The first thing you need to check however - pretty much independent of whatever clustering algorithm you are going to use - is to make sure you have a useful distance function and appropriate data normalization. If your distance degenerates, no clustering algorithm will work.
MinPts
As Anony-Mousse explained, 'A low minPts means it will build more clusters from noise, so don't choose it too small.'.
minPts is best set by a domain expert who understands the data well. Unfortunately many cases we don't know the domain knowledge, especially after data is normalized. One heuristic approach is use ln(n), where n is the total number of points to be clustered.
epsilon
There are several ways to determine it:
1) k-distance plot
In a clustering with minPts = k, we expect that core pints and border points' k-distance are within a certain range, while noise points can have much greater k-distance, thus we can observe a knee point in the k-distance plot. However, sometimes there may be no obvious knee, or there can be multiple knees, which makes it hard to decide
2) DBSCAN extensions like OPTICS
OPTICS produce hierarchical clusters, we can extract significant flat clusters from the hierarchical clusters by visual inspection, OPTICS implementation is available in Python module pyclustering. One of the original author of DBSCAN and OPTICS also proposed an automatic way to extract flat clusters, where no human intervention is required, for more information you can read this paper.
3) sensitivity analysis
Basically we want to chose a radius that is able to cluster more truly regular points (points that are similar to other points), while at the same time detect out more noise (outlier points). We can draw a percentage of regular points (points belong to a cluster) VS. epsilon analysis, where we set different epsilon values as the x-axis, and their corresponding percentage of regular points as the y axis, and hopefully we can spot a segment where the percentage of regular points value is more sensitive to the epsilon value, and we choose the upper bound epsilon value as our optimal parameter.

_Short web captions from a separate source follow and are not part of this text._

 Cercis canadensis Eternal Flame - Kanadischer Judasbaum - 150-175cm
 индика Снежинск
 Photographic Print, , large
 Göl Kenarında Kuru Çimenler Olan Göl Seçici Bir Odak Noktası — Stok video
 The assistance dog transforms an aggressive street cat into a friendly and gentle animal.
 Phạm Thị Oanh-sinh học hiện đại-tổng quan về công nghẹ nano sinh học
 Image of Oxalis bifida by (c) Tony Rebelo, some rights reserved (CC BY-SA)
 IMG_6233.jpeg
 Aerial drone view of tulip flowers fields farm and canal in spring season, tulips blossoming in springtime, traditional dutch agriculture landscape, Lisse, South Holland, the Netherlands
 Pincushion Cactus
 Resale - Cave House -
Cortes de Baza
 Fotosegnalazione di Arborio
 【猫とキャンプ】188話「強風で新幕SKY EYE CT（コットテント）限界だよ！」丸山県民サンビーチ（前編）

One common and popular way of managing the epsilon parameter of DBSCAN is to compute a k-distance plot of your dataset. Basically, you compute the k-nearest neighbors (k-NN) for each data point to understand what is the density distribution of your data, for different k. the KNN is handy because it is a non-parametric method. Once you choose a minPTS (which strongly depends on your data), you fix k to that value. Then you use as epsilon the k-distance corresponding to the area of the k-distance plot (for your fixed k) with a low slope.

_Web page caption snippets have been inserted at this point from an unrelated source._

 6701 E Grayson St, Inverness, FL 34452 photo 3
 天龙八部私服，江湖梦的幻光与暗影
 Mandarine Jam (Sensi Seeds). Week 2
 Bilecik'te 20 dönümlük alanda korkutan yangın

For details on choosing parameters, see the paper below on p. 11:
Schubert, E., Sander, J., Ester, M., Kriegel, H. P., & Xu, X. (2017). DBSCAN revisited, revisited: why and how you should (still) use DBSCAN. ACM Transactions on Database Systems (TODS), 42(3), 19.
For two-dimensional data: use default value of minPts=4 (Ester et al., 1996)
For more than 2 dimensions: minPts=2*dim (Sander et al., 1998)
Once you know which MinPts to choose, you can determine Epsilon:
Plot the k-distances with k=minPts (Ester et al., 1996)
Find the 'elbow' in the graph--> The k-distance value is your Epsilon value.
If you have the resources, you can also test a bunch of epsilon and minPts values and see what works. I do this using expand.grid and mapply.
# Establish search parameters.
k <- c(25, 50, 100, 200, 500, 1000)
eps <- c(0.001, 0.01, 0.02, 0.05, 0.1, 0.2)
# Perform grid search.
grid <- expand.grid(k = k, eps = eps)
results <- mapply(grid$k, grid$eps, FUN = function(k, eps) {
cluster <- dbscan(data, minPts = k, eps = eps)$cluster
sum <- table(cluster)
cat(c("k =", k, "; eps =", eps, ";", sum, "\n"))
})
See this webpage, section 5: http://www.sthda.com/english/wiki/dbscan-density-based-clustering-for-discovering-clusters-in-large-datasets-with-noise-unsupervised-machine-learning
It gives detailed instructions on how to find epsilon. MinPts ... not so much.